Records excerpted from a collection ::

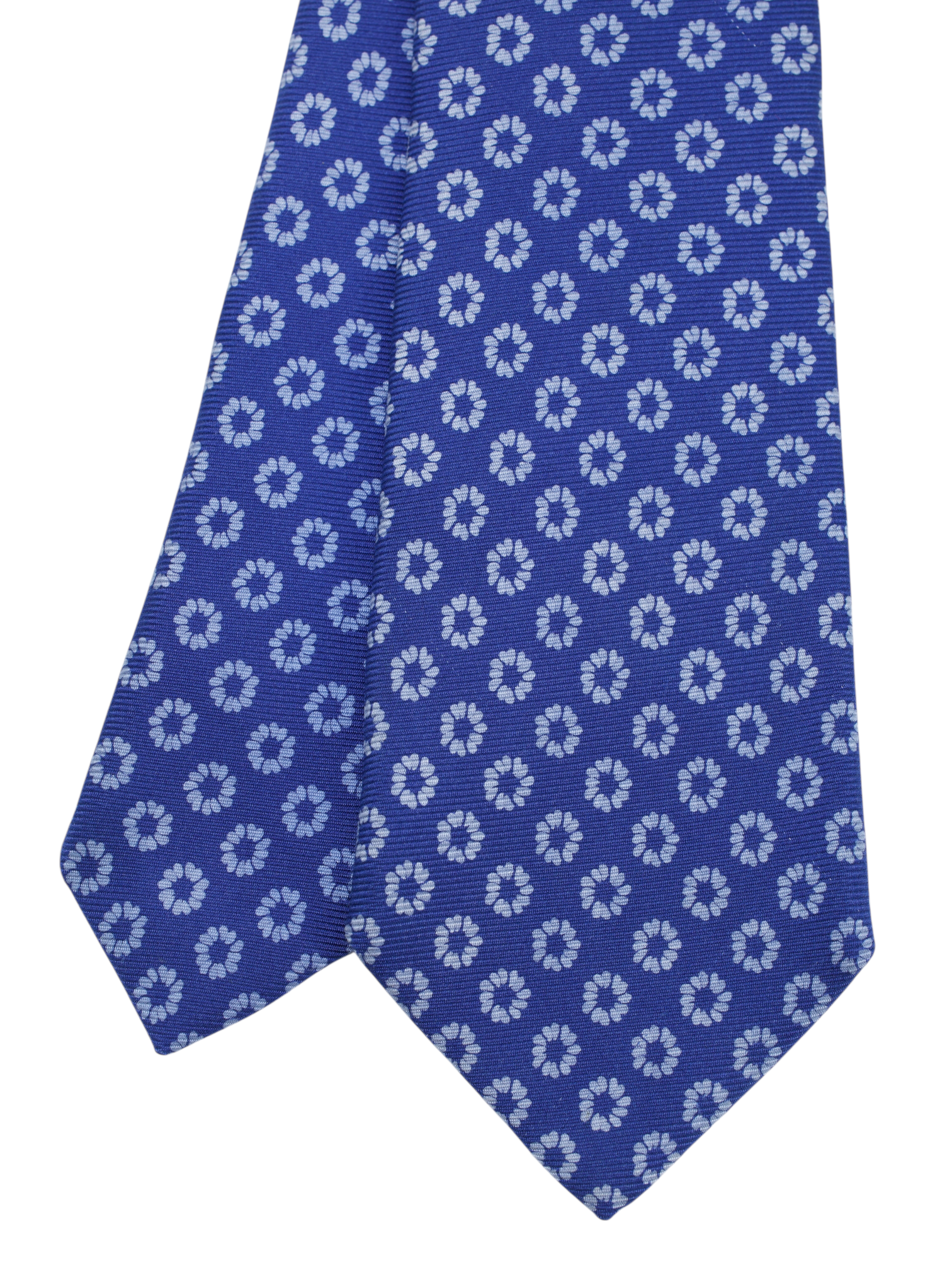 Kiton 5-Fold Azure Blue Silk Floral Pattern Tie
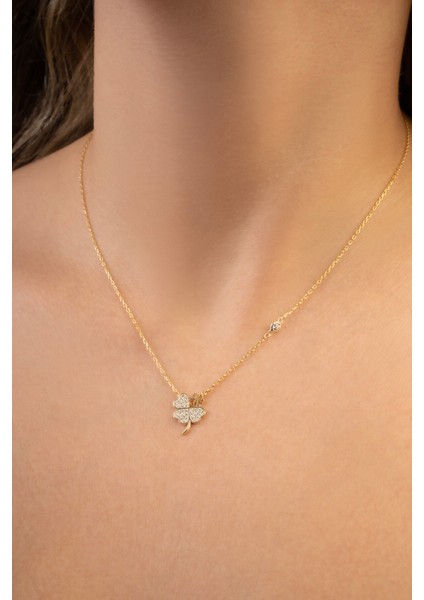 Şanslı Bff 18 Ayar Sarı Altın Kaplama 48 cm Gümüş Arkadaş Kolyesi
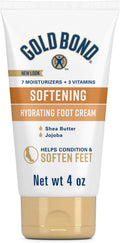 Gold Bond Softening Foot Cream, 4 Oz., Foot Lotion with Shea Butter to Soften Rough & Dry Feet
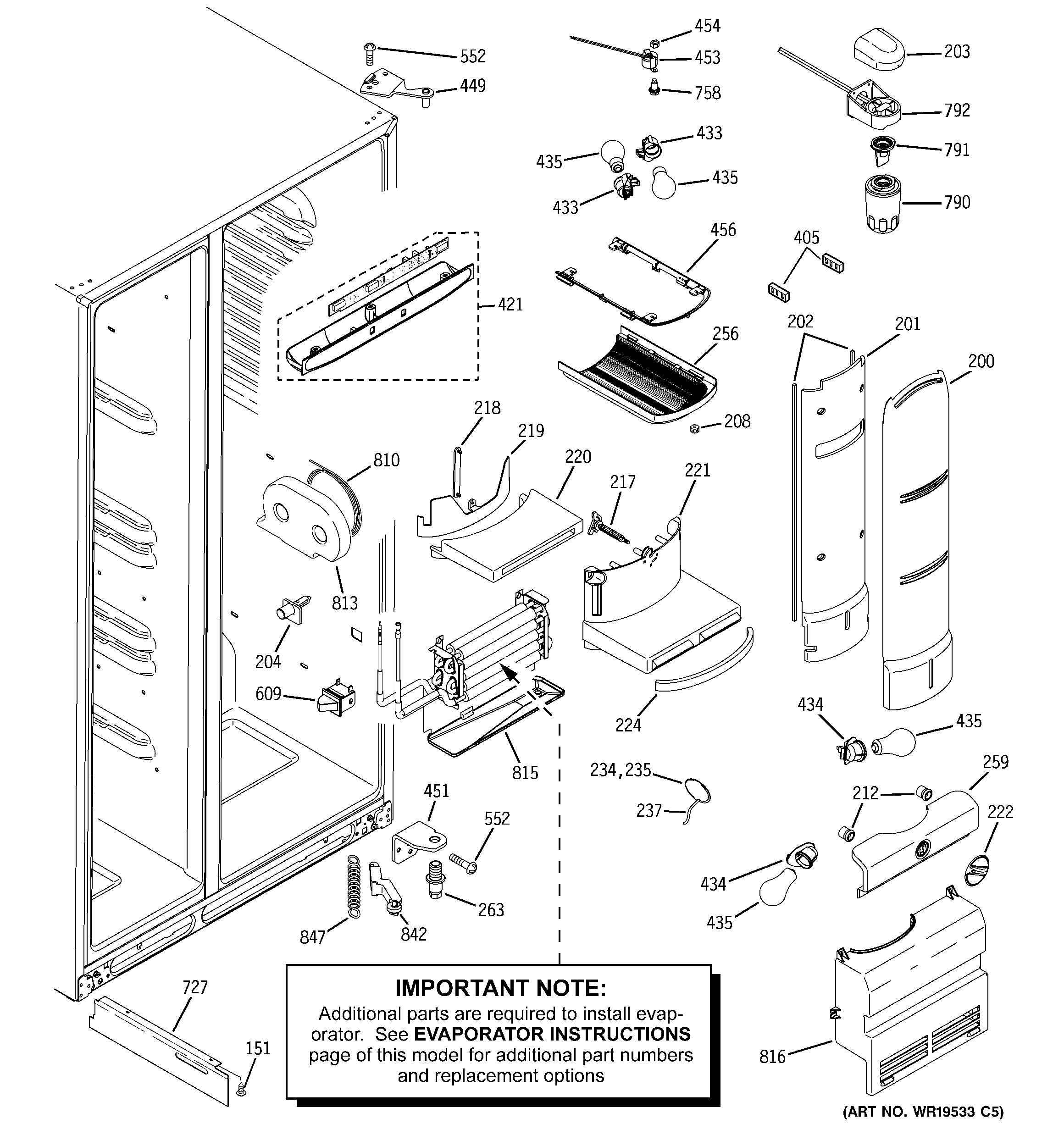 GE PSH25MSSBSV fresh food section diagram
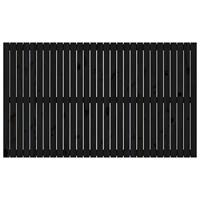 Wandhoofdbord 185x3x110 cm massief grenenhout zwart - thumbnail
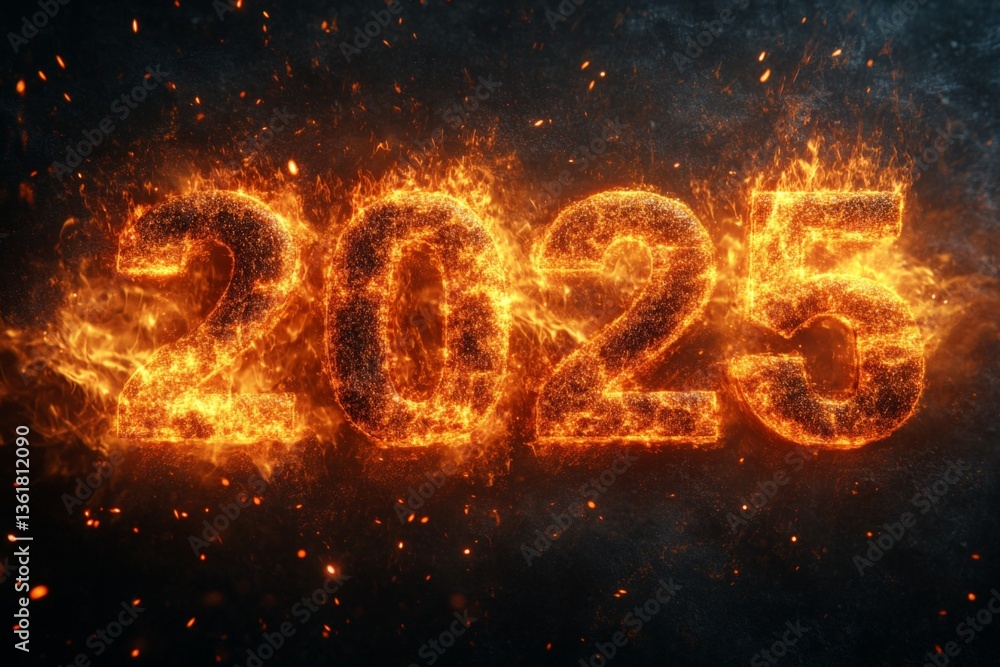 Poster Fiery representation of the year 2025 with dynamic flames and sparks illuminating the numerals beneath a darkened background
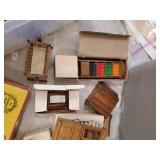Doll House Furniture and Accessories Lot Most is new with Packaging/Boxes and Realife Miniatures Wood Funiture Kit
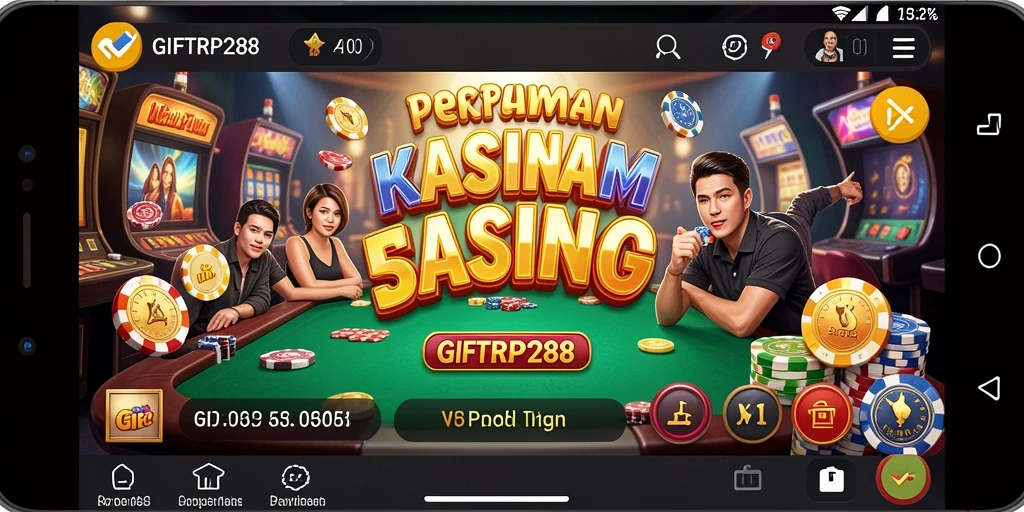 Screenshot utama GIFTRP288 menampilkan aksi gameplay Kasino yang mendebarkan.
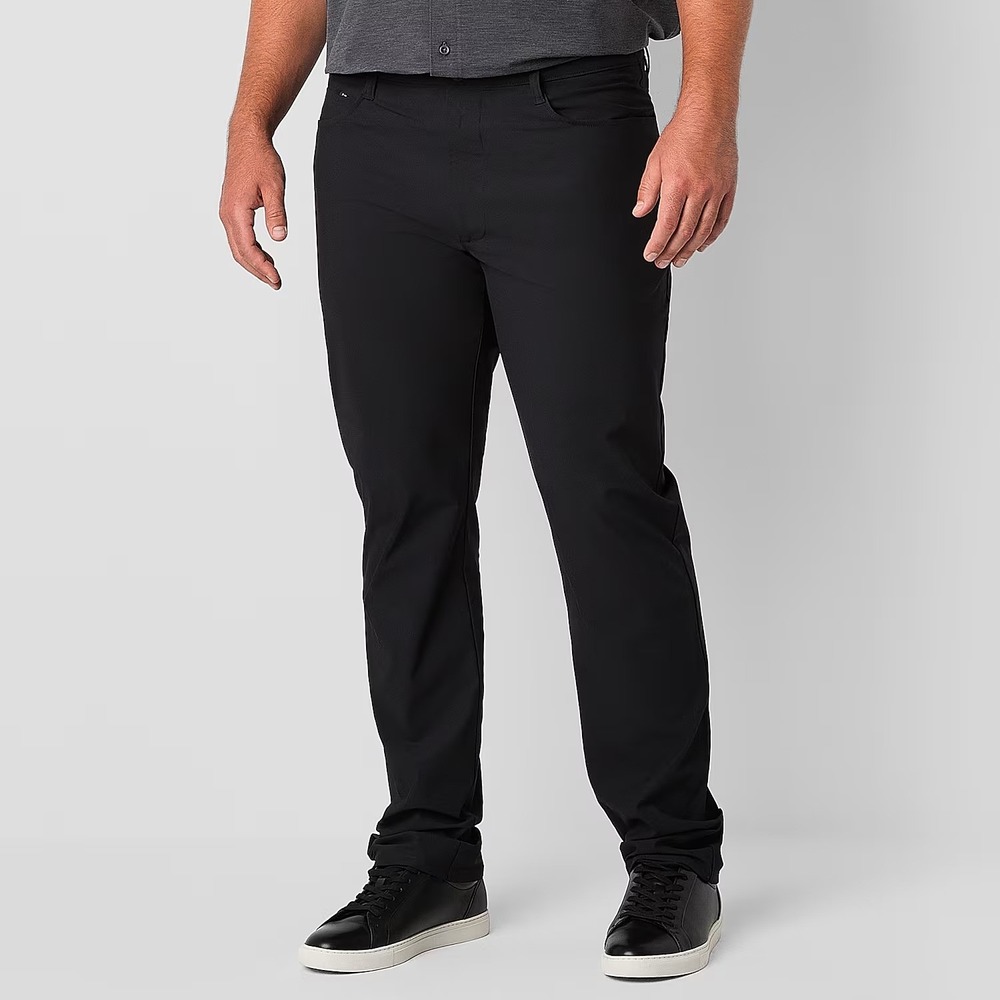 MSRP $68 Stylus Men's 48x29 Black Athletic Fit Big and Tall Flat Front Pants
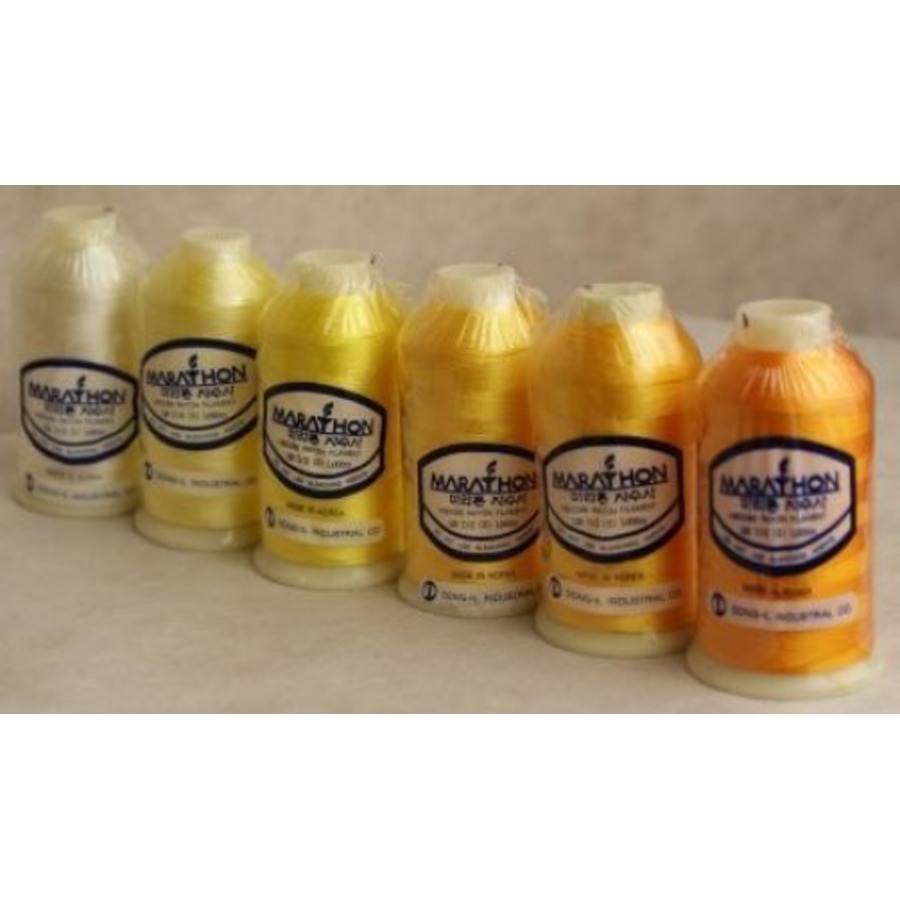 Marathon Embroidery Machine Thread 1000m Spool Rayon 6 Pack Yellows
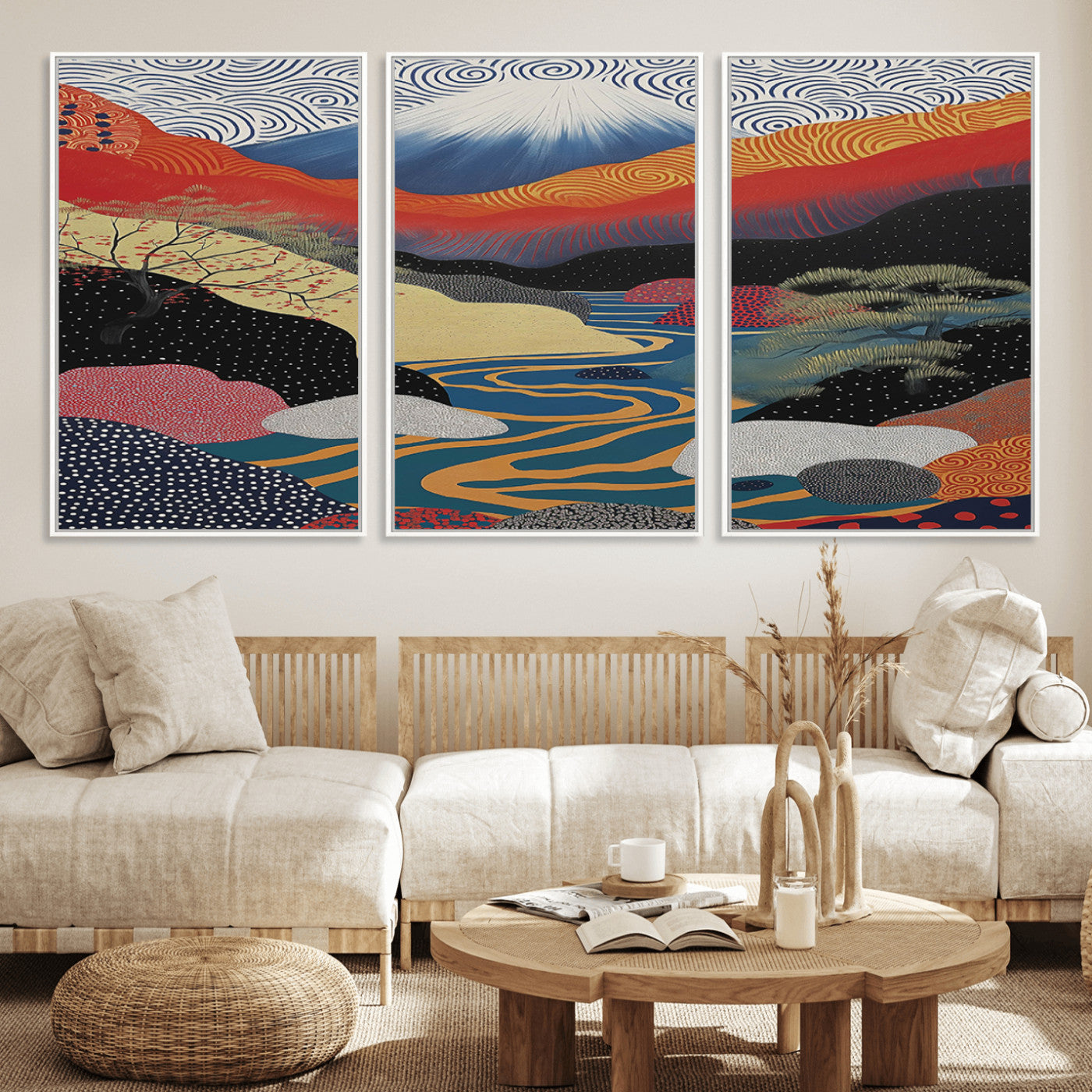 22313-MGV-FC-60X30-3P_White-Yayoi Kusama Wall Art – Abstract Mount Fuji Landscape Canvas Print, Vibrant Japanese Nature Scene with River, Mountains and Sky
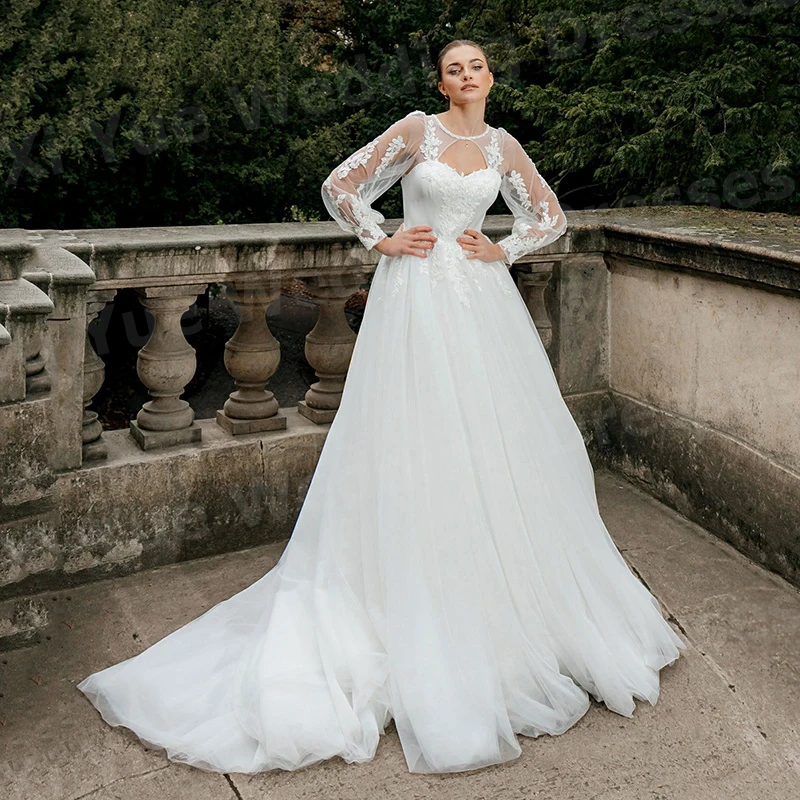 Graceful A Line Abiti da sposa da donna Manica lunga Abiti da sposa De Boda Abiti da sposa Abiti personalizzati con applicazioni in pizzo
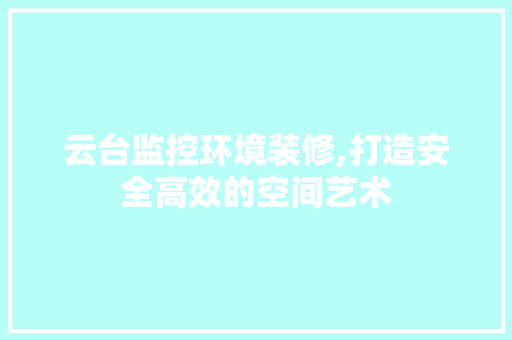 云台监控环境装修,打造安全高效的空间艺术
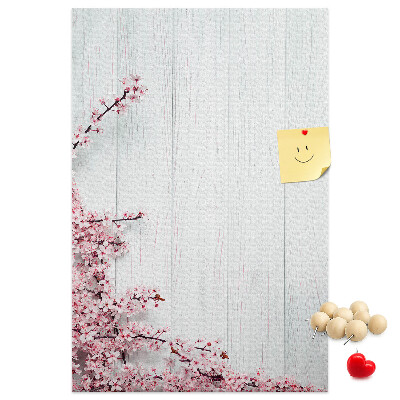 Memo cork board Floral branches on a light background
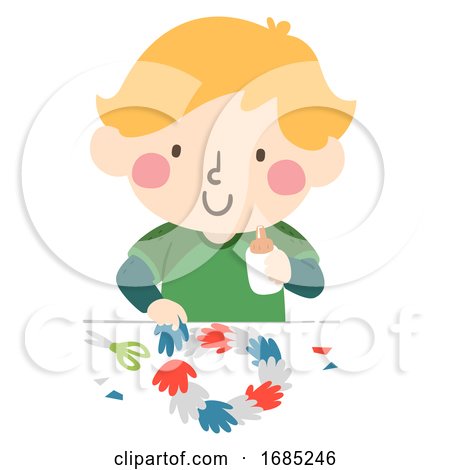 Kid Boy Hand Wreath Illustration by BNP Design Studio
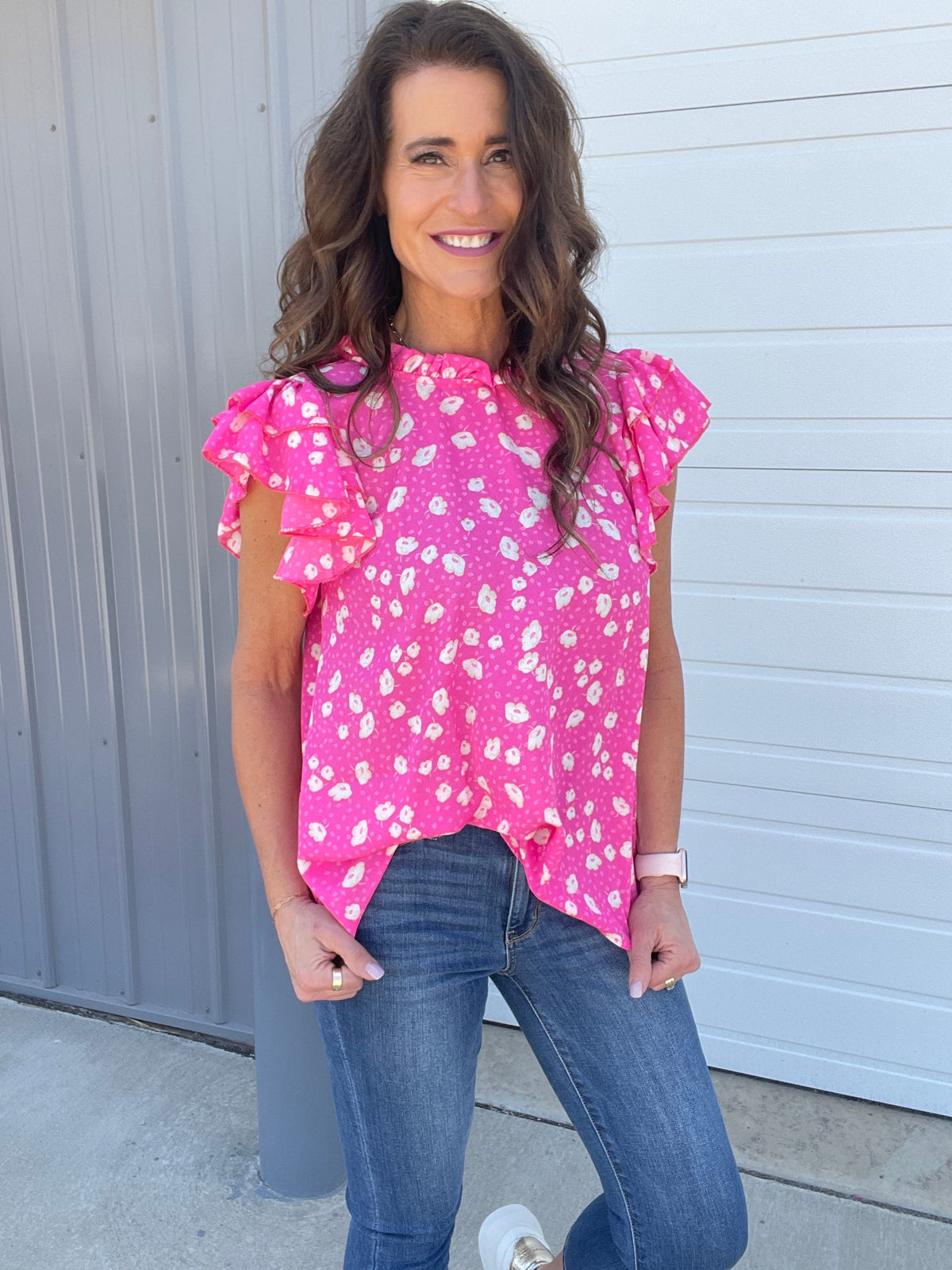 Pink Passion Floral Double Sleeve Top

WHAT IS BEING ASKED :: Reproduce the lines above, exactly and exclusively, from the line containing "22313-MGV-FC-60X30-3P_White-Yayoi Kusama Wall" down to the last line, both included; pictures are not part of the copy.

SOLUTION TO THIS EXERCISE ::
 22313-MGV-FC-60X30-3P_White-Yayoi Kusama Wall Art – Abstract Mount Fuji Landscape Canvas Print, Vibrant Japanese Nature Scene with River, Mountains and Sky
 Graceful A Line Abiti da sposa da donna Manica lunga Abiti da sposa De Boda Abiti da sposa Abiti personalizzati con applicazioni in pizzo
 云台监控环境装修,打造安全高效的空间艺术
 Memo cork board Floral branches on a light background
 Kid Boy Hand Wreath Illustration by BNP Design Studio
 Pink Passion Floral Double Sleeve Top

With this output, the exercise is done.